# Spark DF - Data Cleaning
Now that you understand the basics of Spark DataFrames, let's move on to a more relevant example: Cleaning data using the PySpark API. 

This tutorial is adapted from Stack Overflow and the PySpark documentation. Find out more here:
- https://stackoverflow.com/questions/37749759/fill-pyspark-dataframe-column-null-values-with-average-value-from-same-column
- http://spark.apache.org/docs/2.1.0/api/python/pyspark.sql.html

Objective: Let's explore our options when it comes to cleaning a dataset. We'll be using the same dataset used in the Spark DF - Basics tutorial.
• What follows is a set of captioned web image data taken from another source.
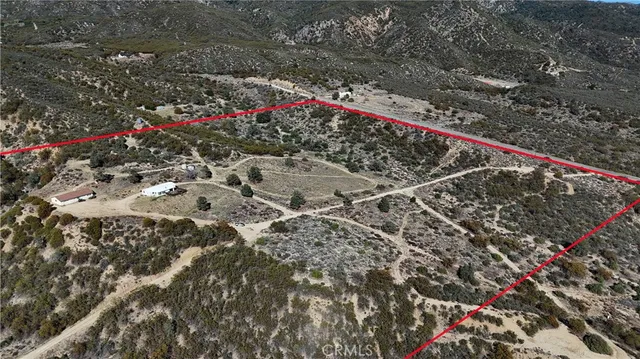 a view of kitchen and dining area with wooden floor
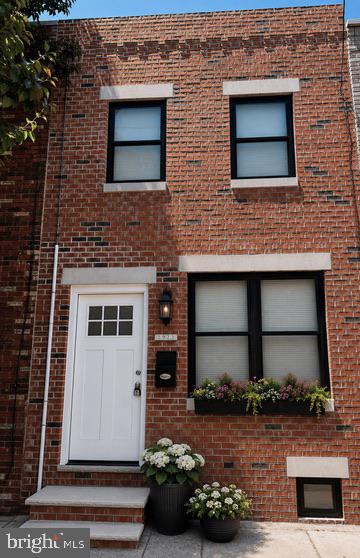 High Street FInance has pre-approved investor financing for this renovation project which is priced $200k below nearby comps.  

Welcome to 1928 S. Camac Street, a classic brick rowhome nestled on one of the most desirable blocks in Philadelphia's vibrant East Passyunk neighborhood. This charming residence offers approximately 836 square feet of living space with 2 bedrooms, 1 full bath, basement, and a private rear yard—providing the perfect opportunity for a homeowner or investor to create a truly exceptional city home.

The existing layout features an open living and dining area, hardwood floors, and a rear kitchen with direct access to the backyard. The basement adds valuable bonus living space and laundry area, while the second floor offers two comfortable bedrooms and a full bath. The property presents an outstanding opportunity for cosmetic updating or a complete designer renovation to maximize value.

Location is everything, and this home delivers. Just steps from the acclaimed restaurants, cafés, boutiques, and nightlife of East Passyunk Avenue, you'll enjoy one of Philadelphia's premier walkable neighborhoods. Nearby parks, public transportation, Center City, the Sports Complex, and major highways are all within easy reach, making this an ideal location for both owner-occupants and investors.

Whether you're looking for your next personal residence, a stylish city retreat, or an investment in one of South Philadelphia's strongest neighborhoods, 1928 S. Camac Street offers tremendous upside and exceptional long-term value.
Remember, the dataset is used to predict whether or not a client will subscribe to a term deposit (deposit column) if called by the banks call centre reps. 

In [1]:
# Section must be included at the beginning of each new notebook. Remember to change the app name. 
# If you're using VirtualBox, change the below to '/home/user/spark-2.1.1-bin-hadoop2.7'
import findspark
findspark.init('/home/ubuntu/spark-2.1.1-bin-hadoop2.7')
import pyspark
from pyspark.sql import SparkSession
spark = SparkSession.builder.appName('missing').getOrCreate()

In [2]:
# Importing data which has a header and automatically configuring the schema.
df = spark.read.csv('Datasets/dataframe_dataset.csv', header=True, inferSchema=True)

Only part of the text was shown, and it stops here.